As palavras acima podem sugerir que se trata de uma dramaturgia fragmentada e complexa. Porém, não só a comicidade ingênua de King Size desfaz qualquer sisudez estética e cerebral, como também a passagem de uma música a outra se assemelha menos a um mosaico vanguardista de sentidos do que a uma passagem pelo dial do rádio. Em King Size, a música não tem partitura: os atores-cantores ridicularizam os livretos que os acompanham; um apoio de partitura aparece vazio o tempo todo na cena. Um apoio que nunca encontrou uma nota musical, filosofa um dos personagens. Assim, percebe-se que a música que Christoph Marthaler busca levar ao palco não é a de récita ou a experimental: é aquela que cantamos com o fone nos ouvidos, embalando afazeres, ou simplesmente a que cantamos de olhos fechados.
Para esse tipo de música, importa muito pouco a camada verbal do que se canta. Trata-se da capacidade de cantar uma canção em qualquer língua, mimetizando a língua estrangeira ou criando falsas pronúncias e trocadilhos em língua nativa. Uma sensibilidade que “troca de biquíni sem parar”: ou seja, uma música que nos leva muito mais pela voz e pela melodia, despertando afetos e misturando sentidos.
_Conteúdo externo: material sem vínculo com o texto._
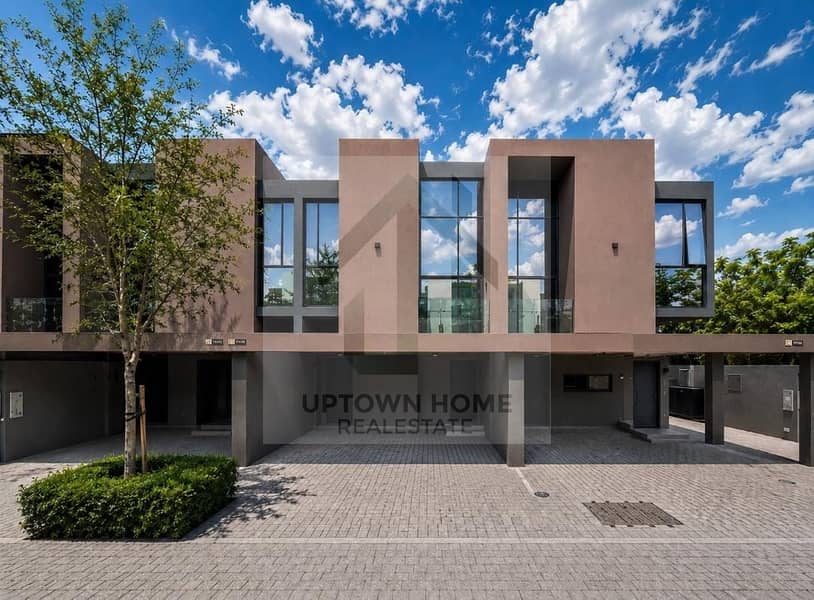 WhatsApp Image 2026-10-05 at 8.58. 52 PM (1). jpeg WhatsApp Image 2026-10-05 at 8.58. 52 PM (1). jpeg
A música de King Size, independentemente da proveniência nacional e do seu lugar na tradição cultural, é aquela que embala casamentos, relembra amigos e sempre parte de uma voz que é bela, seja pelo timbre que emite, seja pelo afeto que a acomete e suscita no ouvinte.
Enfim, o fato de que a peça se passa num quarto com cama king size não nos mostra outra coisa: a música que temos mais próxima de nossas vidas pode não ser a que apreciamos em espaço público, ou a que define nossas afiliações culturais e intelectuais; é aquela que surge no chuveiro, nos devaneios cotidianos, acompanhada de passos de dança que nunca mostraremos para ninguém. Cantar é desnudar-se diante da vida e vestir-se com a voz que se tem, diz um samba de Teresa Cristina e do Grupo Semente. Samba que já cantei para vastas plateias imaginárias.